Эмоционально ощутить царившую тогда в Москве и во всей стране атмосферу скорби можно по документальному фильму С. Лозницы «Государственные похороны» (2019). Этот двухчасовой монтаж из 200 коробок плёнки съёмок траурных мероприятий с 6 по 16 марта 1953 года по всей стране «визуализирует» общеизвестный факт – оторопели, скорбели и рыдали миллионы людей. Истерическая реакция народа на известие о смерти Сталина часто приводится как аргумент «всенародной любви» к нему. Но, как мне кажется, он же может рассматриваться как симптом социального психического заболевания. Это хорошо отражает один политический анекдот того времени:

«Приходит человек к психиатру: «Что со мной, доктор? Думаю одно, говорю другое, делаю третье?» – «Извините, – отвечает доктор, – но от сталинизма не лечим…»[276]

Хотя именно сегодня можно видеть, какие семена, проросшие десятилетия спустя, разметало время этим эмоциональным взрывом. Вот как выглядит сегодня фигура Сталина в глазах «среднего россиянина»:

«Сталин в массовом сознании многолик, говорит политолог Алексей Макаркин. Он и настоящий коммунист, продолжатель дела Ленина; он и имперец, вернувший России территории; он индустриализатор, «принял страну с сохой и оставил с атомной бомбой»; он победитель в Великой Отечественной; он тайный православный; он борец с коррупцией, так как якобы расстреливал только воров (под легендой врагов народа). В общем, для каждого найдется свой Сталин в Кремле».[277]

Искренность тогдашней всеобщей скорби подтвердил мне известный советский и российский биохимик, биофизик и историк науки С. Э. Шноль,[278] который в результате ареста отца прошёл через детский дом, мытарства с трудоустройством после окончания университета в связи с «пятым пунктом» своей анкеты и в свои 23 года в то время никаких не только «горячих», но даже чуть тёплых чувств к Сталину уже не имевший.

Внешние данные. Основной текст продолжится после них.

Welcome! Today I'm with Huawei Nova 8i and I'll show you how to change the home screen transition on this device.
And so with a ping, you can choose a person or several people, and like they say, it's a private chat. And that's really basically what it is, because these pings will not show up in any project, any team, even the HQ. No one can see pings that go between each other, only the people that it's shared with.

Так что это свидетельство абсолютно достоверно подтверждает атмосферу национальной трагедии, воцарившуюся в Москве.

Но, поскольку из каждого правила есть исключения, во всеобщую скорбь от известия о кончине «лучшего друга детей» именно дети внесли элемент фарса.

Вот что рассказала Наталья Олеговна Лебедева. Пятилетней девочкой в результате осложнения после гриппа (аритмия) в марте 1953 года она лежала в кардиологическом отделении детской больницы. Палата была большая – около 20 коек, на которых лежали страдающие сердечными недугами малолетние дети. И вот утром 6 марта 1953 года в палату вошла медицинская сестра и сказала: «Дети! Случилось большое горе – умер товарищ Сталин».

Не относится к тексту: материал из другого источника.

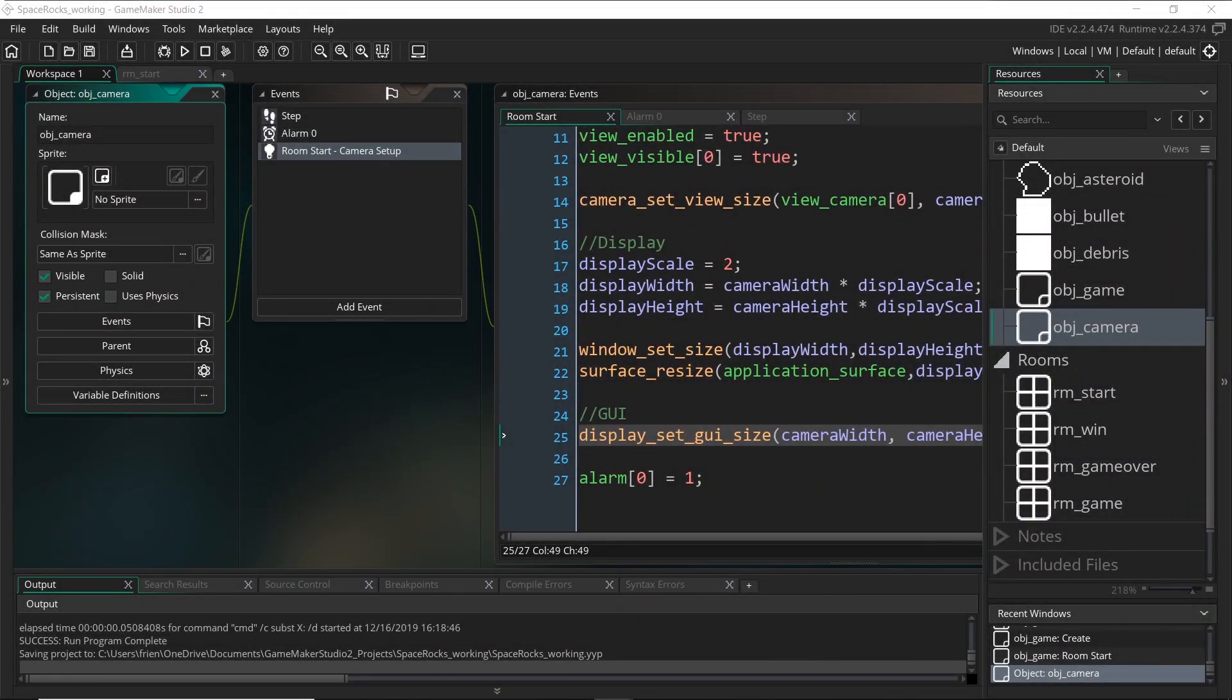Welcome back. All right, now the next thing that we have to fix up is how the asteroids are spawning.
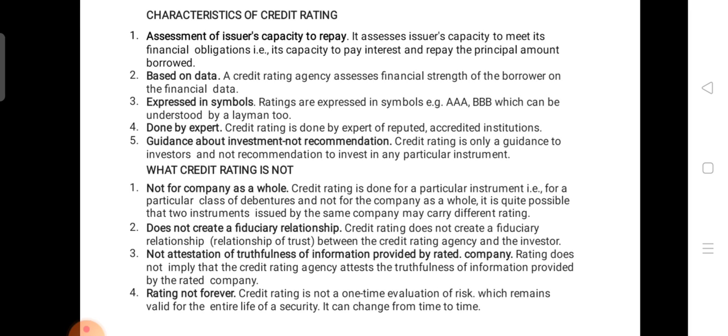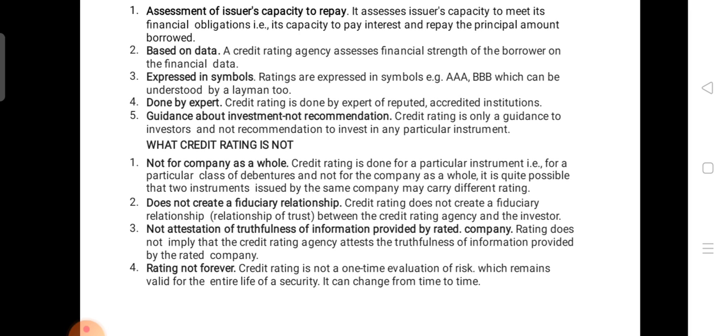Now, what credit rating is not. First, it is not for the company as a whole — the entire company is not rated. Rating agencies only rate specific instruments, whether debt instruments, preference instruments, or equity instruments, or they assess the financial position, profitability position, or liquidity position. The entire company is not rated by rating agencies.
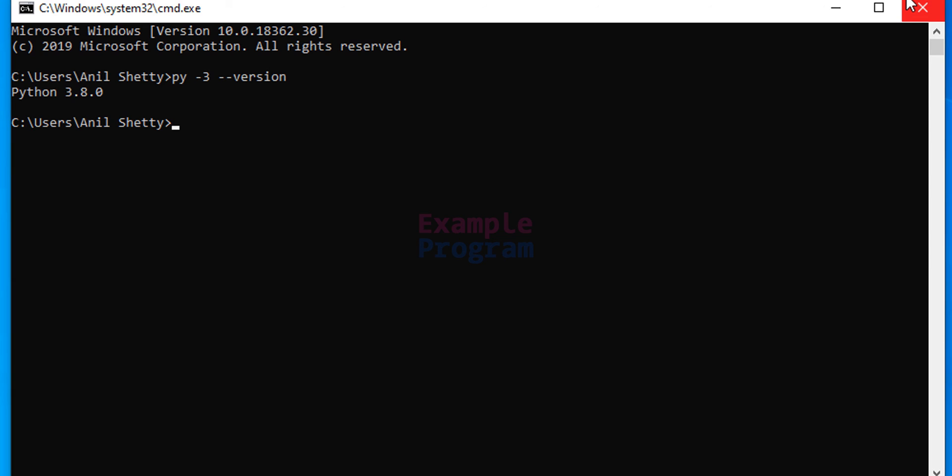So this is it. This is how you can download and install Python in Windows 10 operating system. If you like this video hit the like button; if you don't, hit the dislike button. If you want to say something, write it in the comment box. For more tutorials like this, subscribe to the channel. Thank you for watching — I will see you in the next video.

После этого произошло непредвиденное – дети закричали «Ура!» и, цепляясь за спинки кроватей, встали на головы, продолжая громко кричать: «Ур-р-а!».

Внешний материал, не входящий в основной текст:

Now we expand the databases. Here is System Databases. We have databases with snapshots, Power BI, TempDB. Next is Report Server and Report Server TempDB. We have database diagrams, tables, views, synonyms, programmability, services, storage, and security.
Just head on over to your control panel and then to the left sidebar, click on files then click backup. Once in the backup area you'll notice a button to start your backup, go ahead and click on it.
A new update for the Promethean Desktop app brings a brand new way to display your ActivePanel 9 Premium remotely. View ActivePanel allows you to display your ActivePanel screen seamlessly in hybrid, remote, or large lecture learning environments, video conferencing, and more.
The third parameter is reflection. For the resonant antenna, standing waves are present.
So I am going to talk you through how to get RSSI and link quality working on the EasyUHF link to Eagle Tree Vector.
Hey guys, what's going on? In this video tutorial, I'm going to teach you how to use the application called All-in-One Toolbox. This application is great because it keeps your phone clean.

Такой эффект был вызван тем, что из-за краткости сообщения и малого возраста, дети просто не осознали смысла услышанного (в этом возрасте для многих из них слово «умер» ещё не отделилось по смыслу от таких глаголов как «ушёл», «оставил», «умолк» и т. п.), но серьёзность взрослой тёти и ключевое слово «Сталин» породили почти рефлекторную реакцию – «Ура!» и вполне законную «моторную реакцию» – спокойно лежать в кровати для ребёнка сущее наказание. А тут такой повод!..

Чем закончилось это происшествие для медицинского персонала – неизвестно. Но ощущение радости от задорного крика при стоянии на голове осталось в памяти Натальи Олеговны и спустя многие десятилетия…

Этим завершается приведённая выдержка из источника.